Turns out TObjPtr doesn’t do reference counting. Rather, all the game objects participate in tracing garbage collection. The basic idea is to start from some root object and recursively traverse all the objects reachable from that root; whatever isn’t reached is garbage and can be deleted.

Unfortunately, the Lua interpreter is not reachable from ZDoom’s own object tree. If an object ends up only being held by Lua, ZDoom will think it’s garbage and delete it prematurely, leaving a dangling reference. Those are bad.

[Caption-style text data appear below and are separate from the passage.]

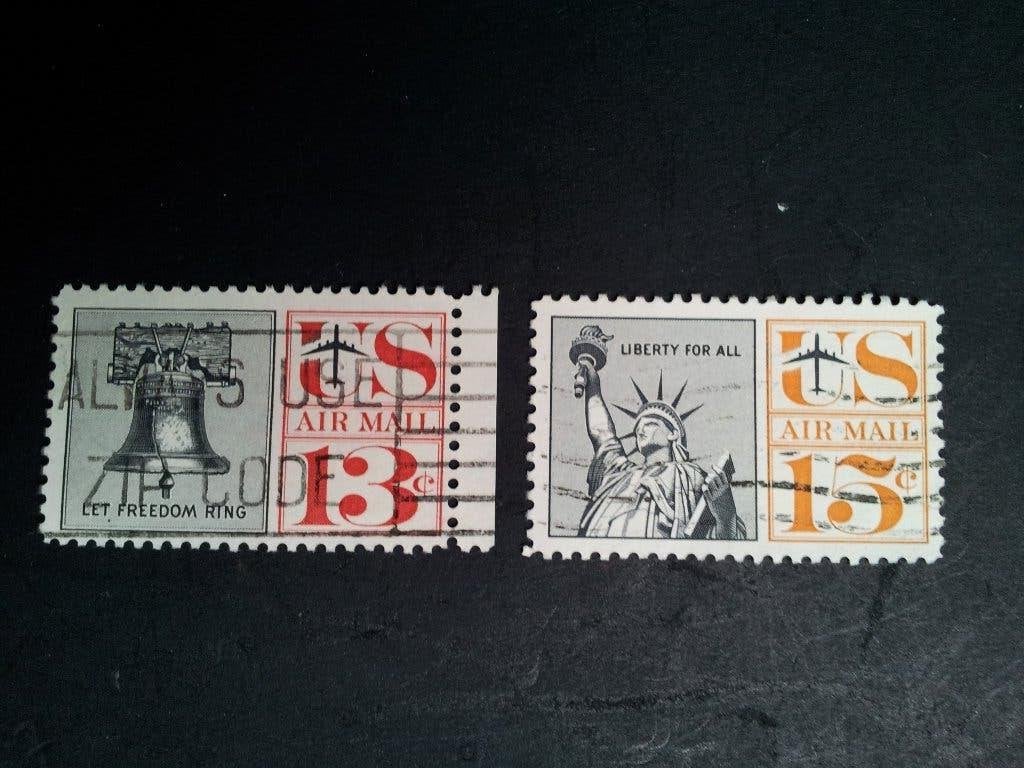 Amerika USA luchtpostzegels vliegtuig gestempeld, Ophalen of Verzenden, Gestempeld, Noord-Amerika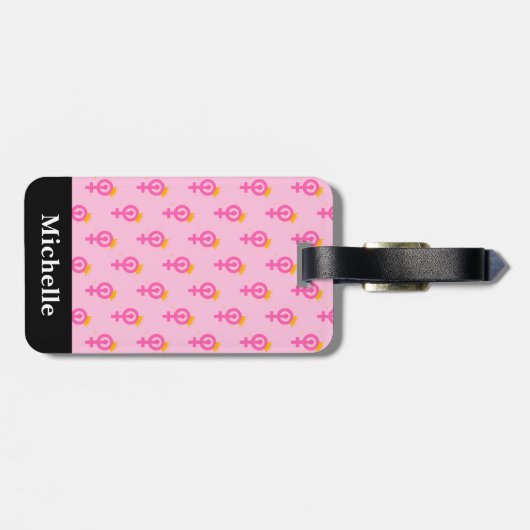 Feminist Pink Bagagelabel (Achterkant horizontaal)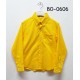 BO0606 เสื้อเชิ๊ตเด็กผู้ชาย แขนยาวคอปกติดกระดุม แต่งกระเป๋า สีเหลืองสด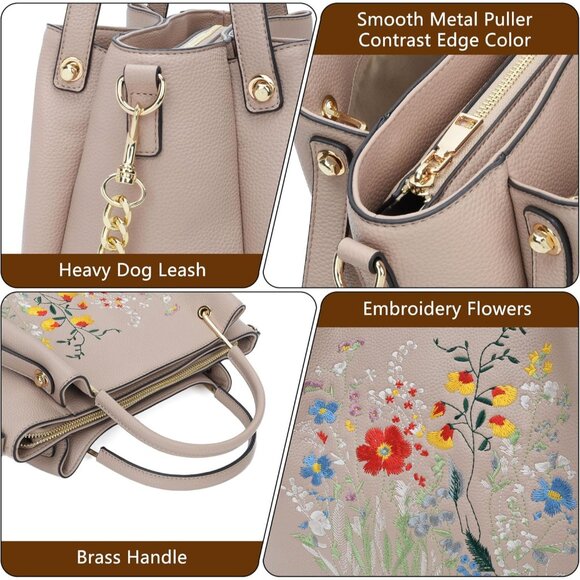 Women's Tan Embroidered Designer Soft Vegan Leather Top Shoulder Handle Bag - Picture 5 of 9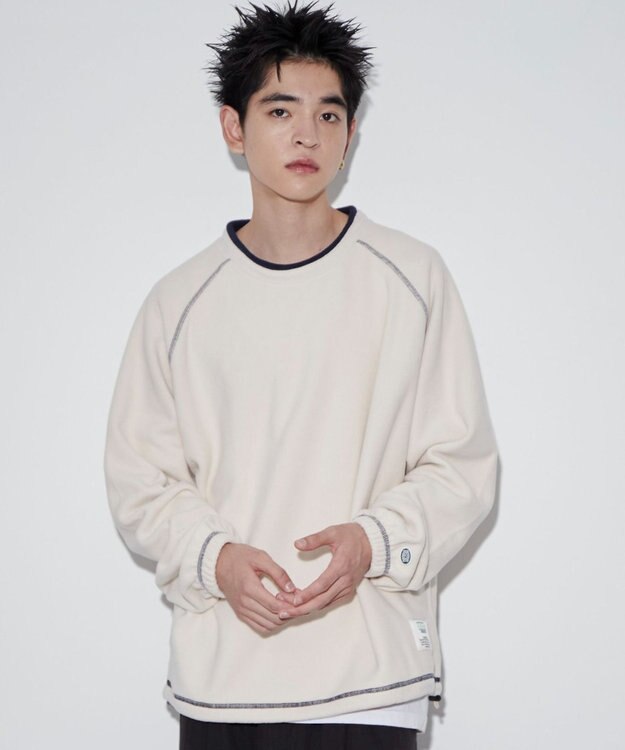 WEGO DISCUSフリースラグランPO ホワイトアイボリー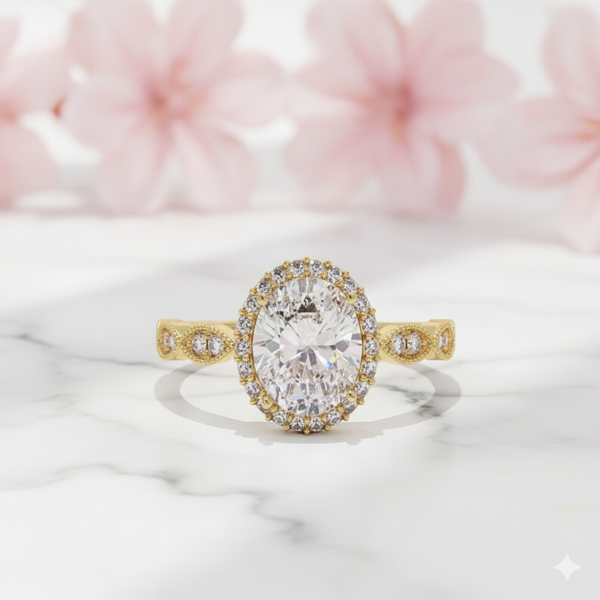 1.450ct Art Deco Oval Cut Halo Moissanite Engagement Ring 14K Solid Gold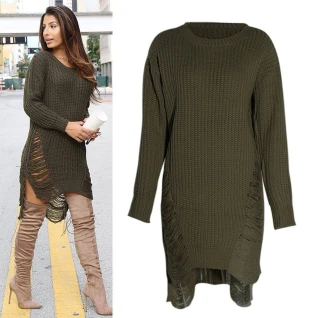 Платье свитер хаки зеленый рваный женский вязаный теплый мини короткий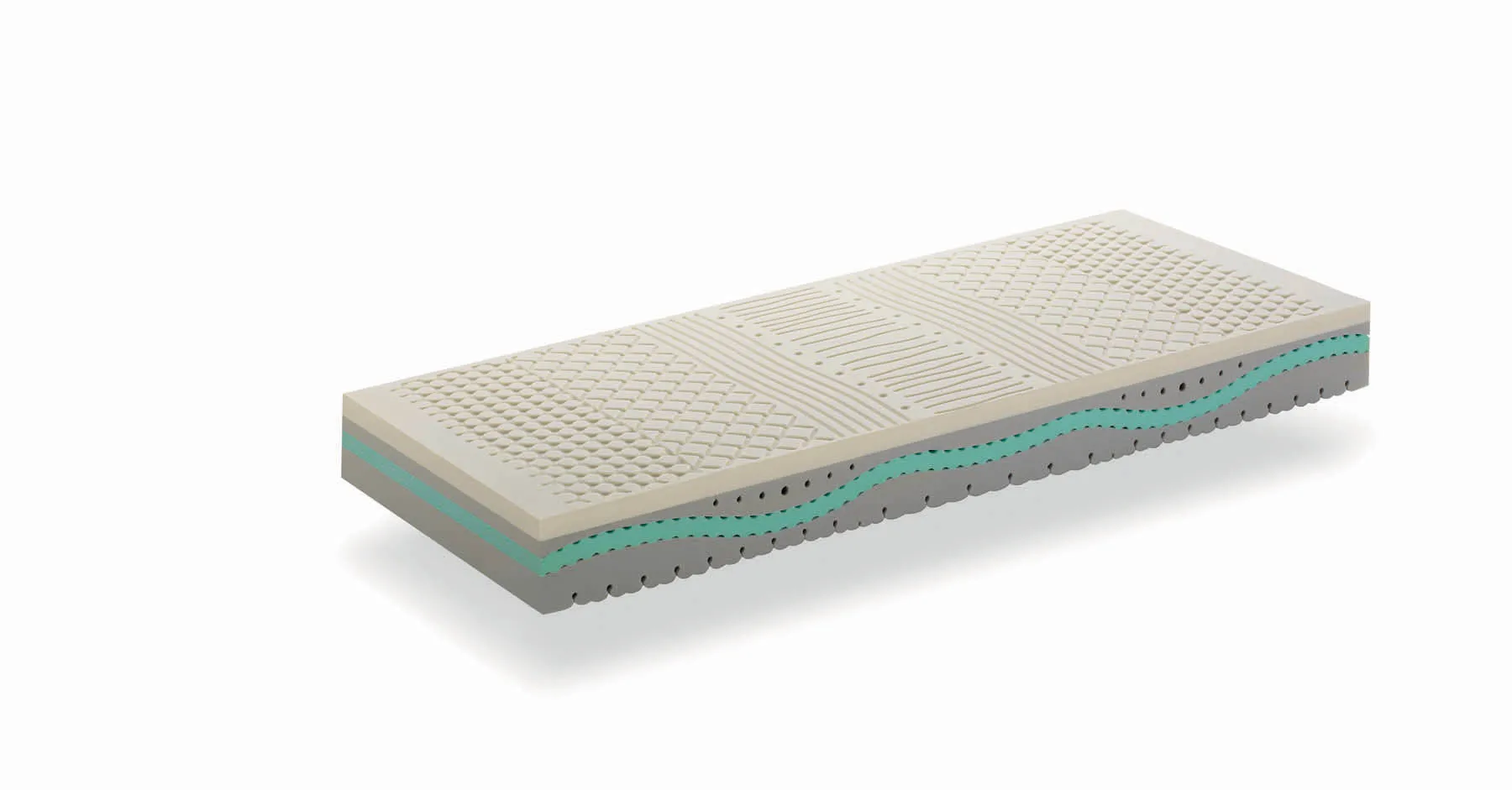 Interno del materasso Ergoair Samoa con strati di Acqua Foam sagomati e Memory Foam, su fondo bianco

I think I can fix without too much trouble. Sol allows customizing how it injects particular types, so I can use that for the type tree that participates in this GC scheme and keep an unordered_set of all objects that are alive in Lua. The Lua interpreter itself is already wrapped in an object that participates in the GC, so when the GC descends to the wrapper, it’s easy to tell it that that set of objects is alive. I’ll probably need to figure out read/write barriers, too, but I haven’t looked too closely at how ZDoom uses those yet. I don’t know whether it’s possible for an object to be “dead” (as in no longer usable, not just 0 health) before being reaped, but if so, I’ll need to figure out something there too.

It’s a little ironic that I have to do this weird workaround when ZDoom’s tracing garbage collector is based on… Lua’s.

ZDoom does have types I want to expose that aren’t garbage collected, but those are all map structures like sectors, which are never created or destroyed at runtime. I will have to be careful with the Lua interpreter itself to make sure those can’t live beyond the current map, but I haven’t really dealt with map changes at all yet. The ACS approach is that everything is map-local, and there’s some limited storage for preserving values across maps; I could do something similar, perhaps only allowing primitive scalars.

Asynchronicity

Another critical property of ACS scripts is that they can pause themselves. They can either wait for a set number of tics with delay(), or wait for map geometry to stop being busy with something like tagwait(). So you can raise up some stairs, wait for the stairs to finish appearing, and then open the door they lead to. Or you can simulate game rules by running a script in an infinite loop that waits for a few tics between iterations. It’s pretty handy. It’s incredibly handy. It’s non-negotiable.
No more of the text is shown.